══ Input data ══

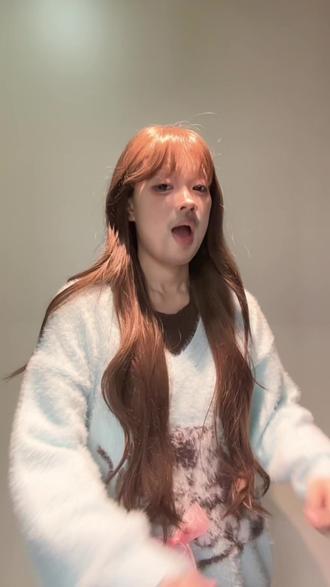 法修散打!!(yc:@飞鱼罐头 )#甜妹 #手势舞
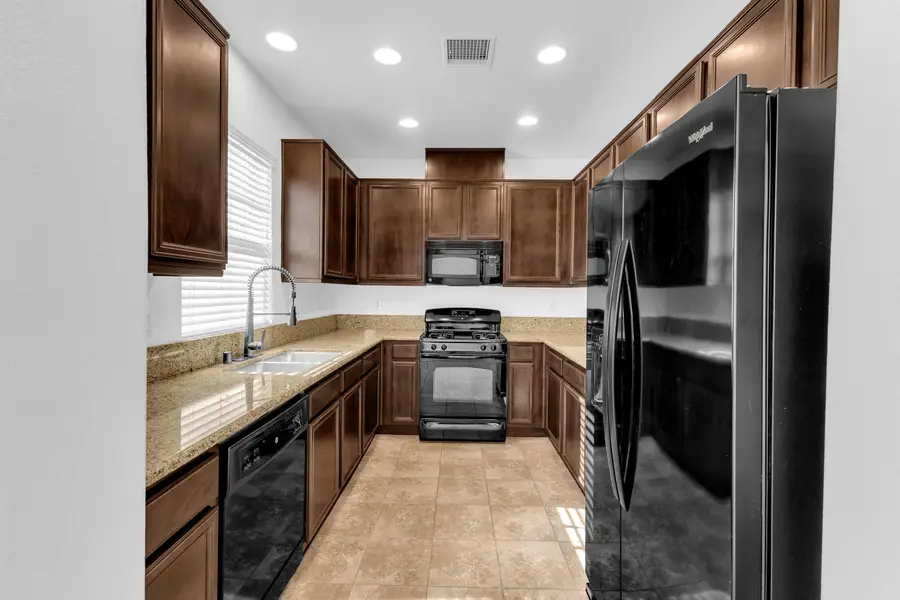 162 Paseo Bravo, Palm Desert, CA 92211 - #2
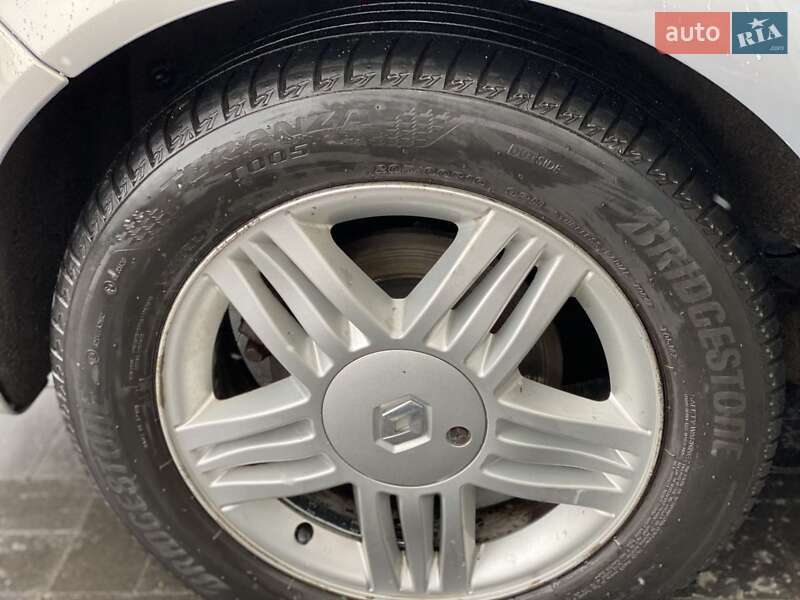 Минивэн Renault Grand Scenic 2005 в Ровно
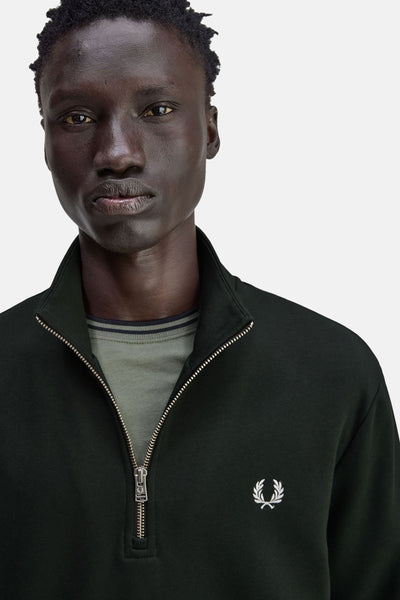 Groene Fred Perry sweatshirt met opstaande kraag, ritssluiting en wit geborduurd logo.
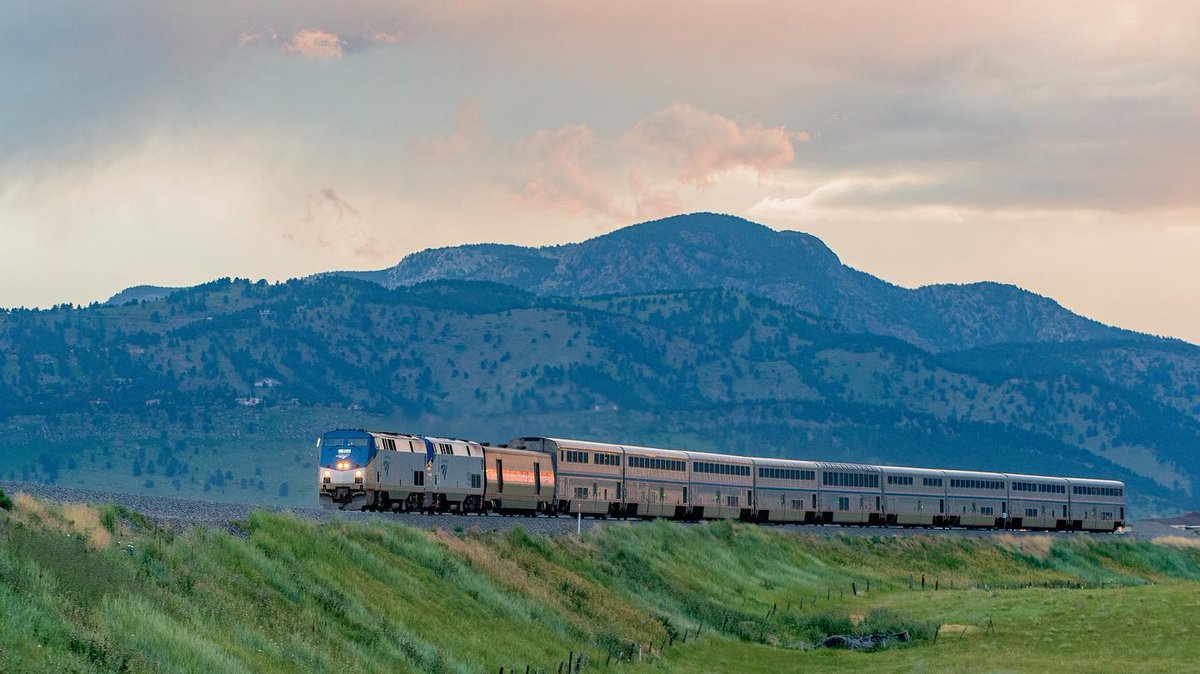 Amtrak's tweet photo. Leaves aren't the only things changing color. Head to big sky country on the California Zephyr and see all the shades of nature.
📷 @ Coloradorailphotographer on IG https://t.co/vGqmQwsIOI
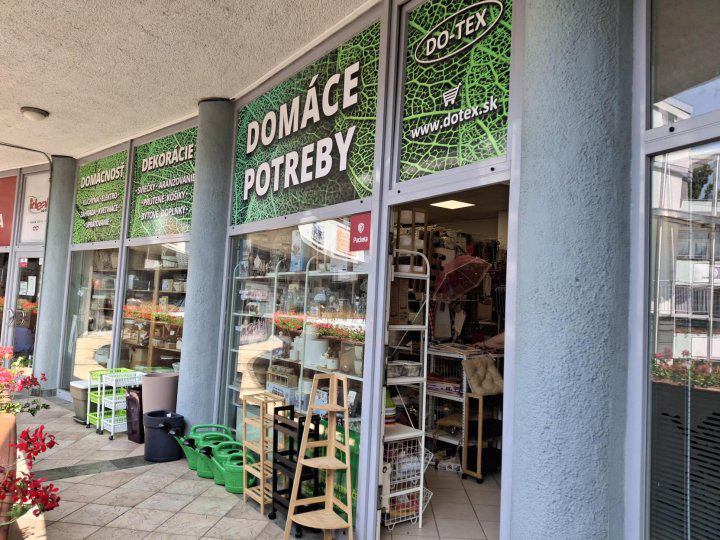 Bratislava-Nové Mesto, Hálkova 1 (Domáce potreby)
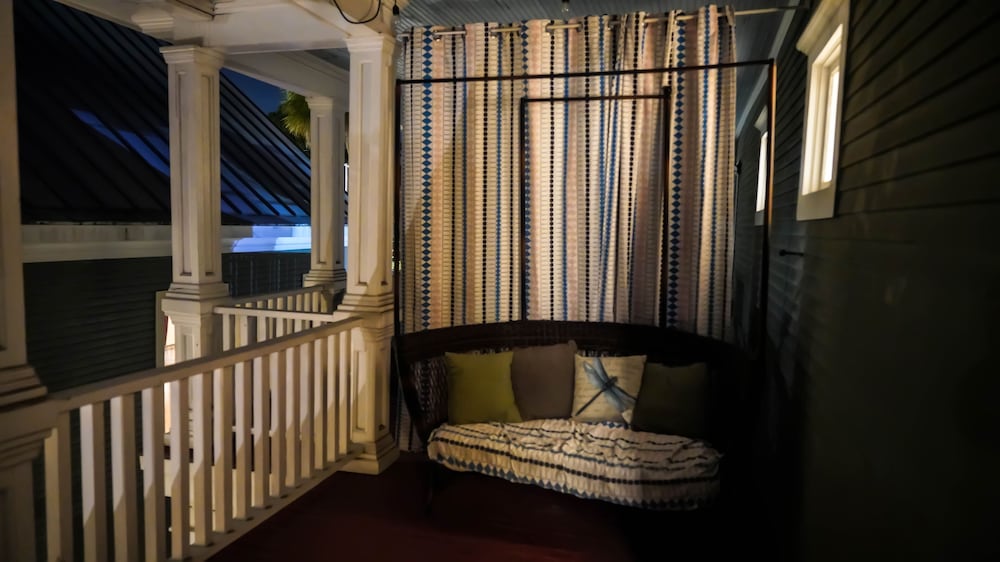 Isetta Inn - photo 110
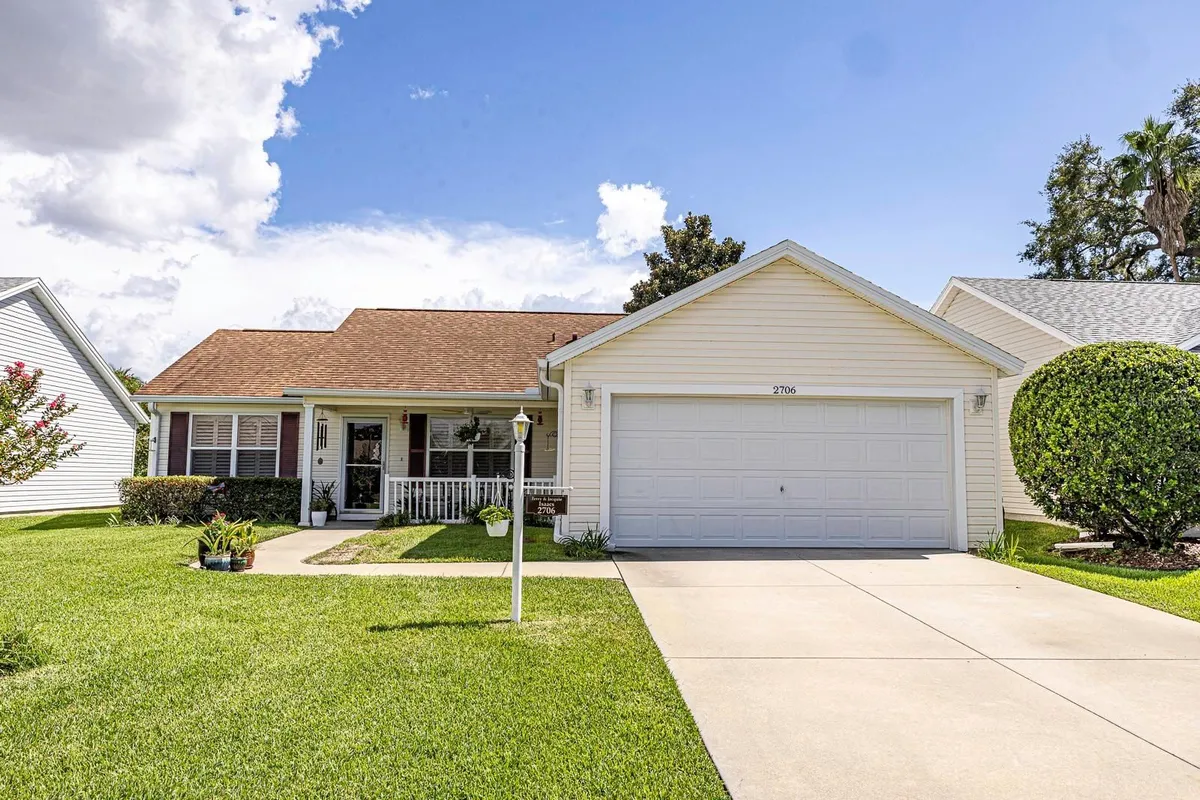 Property Slideshow image 1 of 27 | 2706 morven park way, The Villages, FL, 32162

═══

- Exercise brief: Every line from the one that holds "162 Paseo Bravo, Palm Desert, CA 92211 - #2" to the end of the listing should be output exactly, with pictures left out, please.

- The answer:
 162 Paseo Bravo, Palm Desert, CA 92211 - #2
 Минивэн Renault Grand Scenic 2005 в Ровно
 Groene Fred Perry sweatshirt met opstaande kraag, ritssluiting en wit geborduurd logo.
 Amtrak's tweet photo. Leaves aren't the only things changing color. Head to big sky country on the California Zephyr and see all the shades of nature.
📷 @ Coloradorailphotographer on IG https://t.co/vGqmQwsIOI
 Bratislava-Nové Mesto, Hálkova 1 (Domáce potreby)
 Isetta Inn - photo 110
 Property Slideshow image 1 of 27 | 2706 morven park way, The Villages, FL, 32162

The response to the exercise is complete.